Michael L. Young myoung at acsacc.com
Fri Jan 17 10:01:46 CST 2014


----- Original Message -----
> From: "Ben Merrills" <b.merrills at mersontech.co.uk>
> To: "Asterisk Application Development discussion" <asterisk-app-dev at lists.digium.com>
> Sent: Friday, January 17, 2014 5:26:45 AM
> Subject: Re: [asterisk-app-dev] Questions concerning communicating with an ARI app/module from an external
> application
> 
> > On 16/01/14 22:58, Daniel Jenkins wrote:
> > > What a few of us in IRC are suggesting is for Asterisk to act as
> > > a
> > > proxy in a sense when it comes to talking to an ARI application.
> > > And
> > > for that proxy to enforce standards.
> 
> > Alistair Cunningham wrote:
> > Is there any reason that this proxy has to reside within Asterisk?
> > How about
> > having an external ARI proxy/multiplexor/routing daemon that
> > connects to
> > Asterisk ARI, any configured ARI applications (or lets them connect
> > to it), and
> > any other desired IPC systems such as ZeroMQ? That would then leave
> > Asterisk to get on with what it's good at, which is processing
> > calls.
> 
> I think that, based on the fact that AMI isn't being depreciated, why
> would we not include it in a mechanism for communicating between
> asterisk applications and 3rd party applications. Currently if I
> want to talk to app_queue I can use the Actions and Events that
> app_queue exposes. Why would you remove that ability?

I have had to re-read a couple of times Dan's email and yours and I think I am starting to understand what you guys are envisioning.

But, just to be sure, are you guys talking about an App ontop of an App?  You want an App to communicate with an ARI App with Asterisk in the middle?

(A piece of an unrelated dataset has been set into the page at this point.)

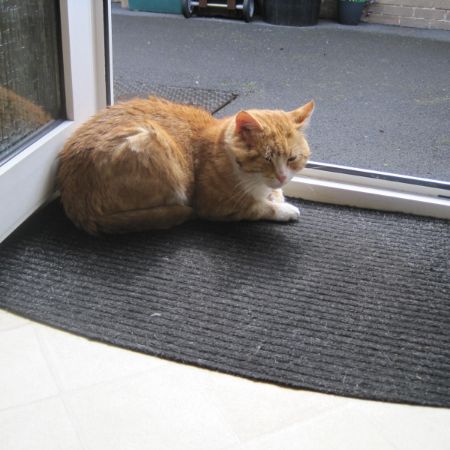 Found British Short Hair Cats in Nelson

> Why should people have to use "another standard" just to commutate
> with something that, to them is no different from app_queue. ARI
> should be a complimentary API, not a thorn in 3rd party dev's side.
> They may be totally unaware it's an ARI implementation, and to be
> honest, they shouldn't have to care.

I am not sure how ARI would be a "thorn in 3rd party dev's side".  It is a tool that one can choose to use.  Every tool has a purpose.  It comes down to using the right tool for the right job.

> AMI Actions could be mapped to an ARI Event message, and ARI could
> push messages to AMI. Yes, you're constrained by the format of AMI
> actions and messages, but you retain backwards compatibility in the
> process.

Here it sounds like you want the reverse.  An AMI app to communicate with an ARI app?  If someone is using AMI, why would they need ARI?

> You could have a way of registering AMI Actions from ARI, that exist
> within a specific application. Then have a way of executing those
> Actions from the AMI. For example:
> 
> ARI -> POST -> Register Action "AddQueue" { json description }
> AMI -> AddQueue [params] -> ARI Event Message -> ARI Registered
> Action Event
> 
> ARI -> POST -> AMI Event "event name" { json description } -> AMI
> Event
> 
> (excuse my very lame flow above)

This appears that you want to create dynamic AMI events from ARI.  Why would we be using Asterisk in this fashion?  This just doesn't seem right.

I agree with Alistair.  I feel that this does not belong in Asterisk.

Asterisk is a toolkit.  It allows you to use the right tool for the right job.

Maybe I am just not quite getting the idea that is being proposed and why it should be in Asterisk.